Dans notre réflexion collective, nous voudrions proposer que le « synthétique » dans le chimérisme soit différent de l’« intelligence synthétique », car il montre que la tension entre « artificiel » et « authentique » ne se limite pas à la hiérarchie entre les humains et les machines. Comme la plupart des formes d’intelligence ont été codées comme secondaires ou contrefaites par la science occidentale tout au long de son histoire, la synthèse chimérique résiste à l’hypothèse selon laquelle le clivage entre « artificiel » et « authentique » s’aligne avec celui qui distingue les machines des humains. Elle remet en question qui, comment et quoi a été catégorisé et codé comme « artificiel » ou « authentique », révélant la nature beaucoup plus limitée des systèmes de production de connaissances « authentiques ». Le « synthétique » du chimérisme montre que l’intelligence « artificielle » enveloppe à la fois de l’humain et du non-humain, accueillant la nature synthétique de l’intelligence elle-même.
De l’intelligence artificielle à la cognition chimérique
Pour tenir compte des qualités synthétiques de l’intelligence, nous devons également reconsidérer ce que représente « l’intelligence » dans l’expression intelligence artificielle. La diversité du traitement de l’information et de la prise de décision des entités mécaniques et biologiques, y compris des chimères, ne peut être regroupée sous la notion d’intelligence. Plutôt que d’essayer d’élargir la catégorie de l’« intelligence », introduite pour amplifier notre fascination pour la complexité de l’esprit humain, on peut préférer le terme « cognition » dans sa « diversité comportementale », comme l’ont compris les biologistes chiliens Humberto Maturana et Francisco Varela.
Dans leur livre Autopoiesis and Cognition 3 (1972), qui a servi de base à la cybernétique de deuxième ordre (l’application réflexive de la cybernétique à elle-même), ils analysent la « cognition » comme étant étroitement liée à l’« autopoïèse ». Ils définissent l’autopoïèse comme la capacité des organismes vivants à maintenir et à réguler leur composition et à définir leurs limites, comme une capacité des systèmes qui naît spontanément de composants et de processus indépendants mais reliés entre eux. Cela implique que les propriétés isolées des éléments individuels ne déterminent pas les systèmes vivants. Au contraire, ces réseaux, qu’ils soient vivants ou non, sont constitués d’éléments distribués. L’autopoïèse apporte une nouvelle notion de cognition, incarnée par la diversité des comportements de ces systèmes.
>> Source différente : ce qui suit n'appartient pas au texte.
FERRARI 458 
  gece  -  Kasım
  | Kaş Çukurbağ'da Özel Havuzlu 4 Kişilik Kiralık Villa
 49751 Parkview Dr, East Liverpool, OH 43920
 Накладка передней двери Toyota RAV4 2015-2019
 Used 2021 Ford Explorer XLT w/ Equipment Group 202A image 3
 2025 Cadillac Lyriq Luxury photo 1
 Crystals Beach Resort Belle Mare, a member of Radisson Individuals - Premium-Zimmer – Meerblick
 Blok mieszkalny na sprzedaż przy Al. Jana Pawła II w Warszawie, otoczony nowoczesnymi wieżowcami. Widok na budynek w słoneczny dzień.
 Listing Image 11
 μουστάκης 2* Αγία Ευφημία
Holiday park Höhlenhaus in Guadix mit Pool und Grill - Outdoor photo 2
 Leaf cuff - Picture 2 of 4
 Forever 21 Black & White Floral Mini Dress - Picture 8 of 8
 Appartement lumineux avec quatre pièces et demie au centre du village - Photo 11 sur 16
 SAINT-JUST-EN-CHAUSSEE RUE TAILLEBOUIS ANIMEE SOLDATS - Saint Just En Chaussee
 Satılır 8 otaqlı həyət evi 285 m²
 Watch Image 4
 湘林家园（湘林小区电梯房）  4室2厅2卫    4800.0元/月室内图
En conséquence, nous définissons la cognition chimérique comme étant distribuée et matérialisée dans tous les membres et têtes partiellement autonomes de l’entité envisagée, têtes et membres potentiellement étrangers aux normes des processus de pensée de haut niveau. Cette nature hétérogène de la cognition chimérique, rendue possible par la coexistence de têtes et de corps qui ne se remplacent pas les uns les autres, semble présenter un potentiel prudent de synthèse symbiotique.
Traduit de l’anglais
par Yves Citton
1Anna Engelhardt & Ilan Manouach, Chimeras. Inventory of Synthetic Cognition, Athènes, Fondation Onassis, 2022. Cet article est adapté et traduit de l’introduction de cet ouvrage. Il est publié avec la gracieuse permission des auteurices et de la maison d’édition.
2John Haugeland, Artificial Intelligence : The Very Idea, Cambridge (MA), MIT Press, 1989.
3Humberto Maturana, Humberto & Francisco Varela, Autopoiesis and Cognition : The Realization of the Living, New York, Springer Science, 1991.